Une fois de plus, il siéra de constater quel brillant génie anime les cerveaux de ces officiers, de ces administrateurs, de ces docteurs contraints à tous les miracles par les nécessités de la conquête, par le manque quotidien de tout, par l’absurde indifférence du Parlement pour notre Carthage. Nos tirailleurs soudanais sont tellement accoutumés à voir leurs chefs se tirer d’embarras par magie, qu’ils répondent, aux momens difficiles : « Moi peux pas ; mais toi, lieutenant, débrouille toujours ; y a ça bon ! » Et il semble vraiment que ce soit là l’opinion de toute l’Afrique devant les prodiges accomplis par les quelques poignées de stoïques au cœur romain.
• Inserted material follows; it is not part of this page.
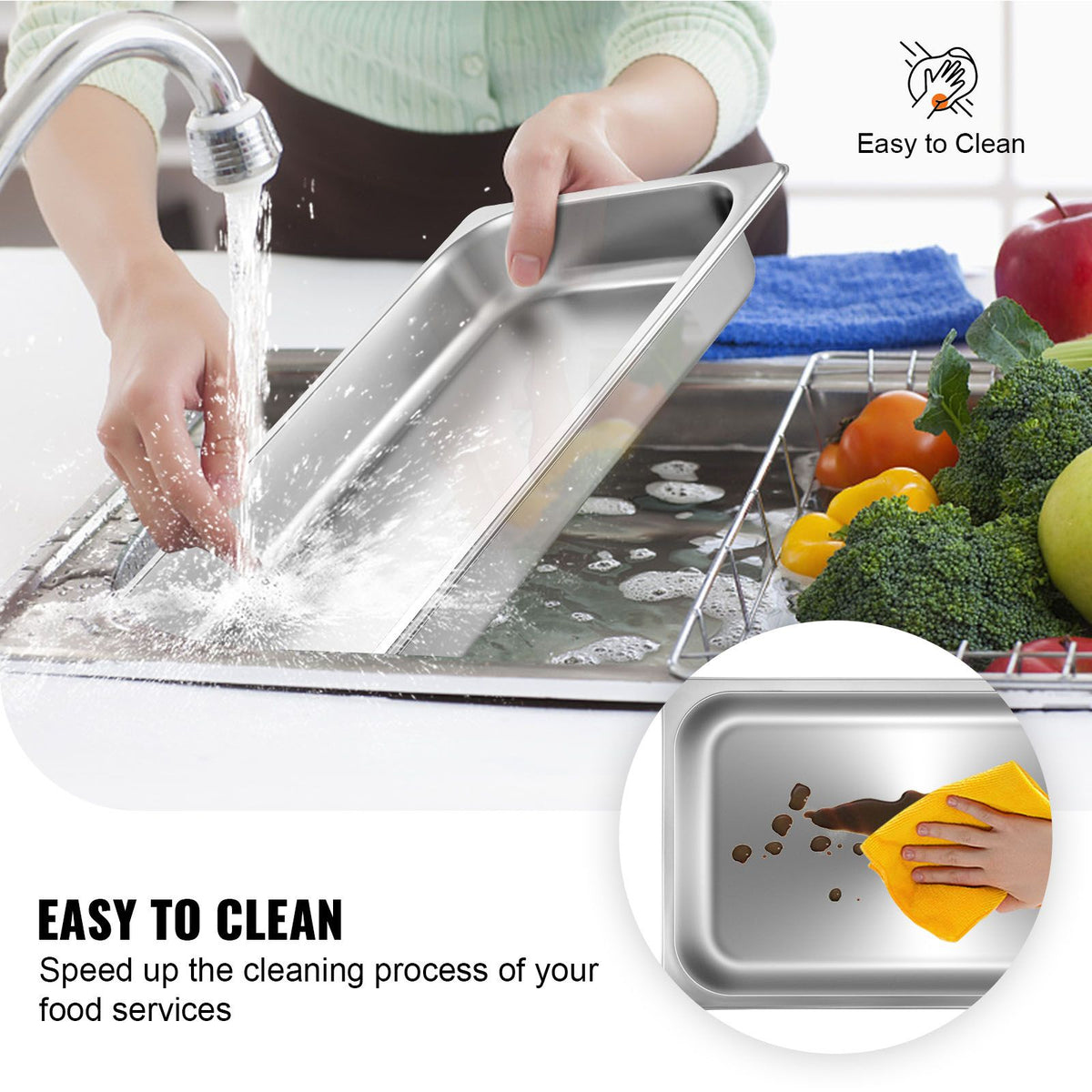 Hotel Pans Full Size 2.5 Inch Deep, Steam Table Pan 6 Pack , 22 Gauge/0.8mm Thick Stainless Steel Hotel Pan Anti Jam Steam Table Pan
Après le colonel Roulet, de qui les Parisiens connaissent l’éloquence et l’heureux savoir, c’est le colonel Sadorge qui préside aux destins de Tombouctou avec la collaboration de M. l’administrateur Vadier. Portant sa gloire de soldat célèbre, en toute modestie, le colonel ne laisse passer, sous la moustache épaisse, que des paroles exemplaires. Très simple, il préfère que ceux de son entourage brillent, qu’ils content leurs exploits de chasseurs ou de guerriers, qu’ils dissertent avec maîtrise sur les sujets de leur compétence. Il semble dire : « Voilà comme ils sont, et comme j’aime qu’ils soient. » Un chef conscient de son mérite n’a point à paraître lui-même. On juge de sa maîtrise d’après les talens qu’il a su rassembler, guider, ou qu’il laisse librement s’épanouir.

Voici l’un de ces hommes. C’est un très beau garçon à cheveux d’or. Son képi a le bandeau bleu-ciel des spahis. Cet Apollon organisateur se propose la formation d’un goum auxiliaire parmi les gens de Oualata, la cité récemment conquise, la ville aux inestimables manuscrits du XIIIe siècle que M. Bonnel de Mézières a recueillis, que M. Delafosse et son beau-père traduisent, commentent, source d’une histoire prochaine. Ce lieutenant explique passionnément son dessein. Seul, ou presque, dans ces lieux, parmi les campemens de nomades, il ira trouver chacun des meilleurs. Il lui dira qu’il faut aimer notre œuvre de civilisation, s’armer, combattre, mourir pour elle. Et plus. S’astreindre à la discipline des Latins, à la probité française.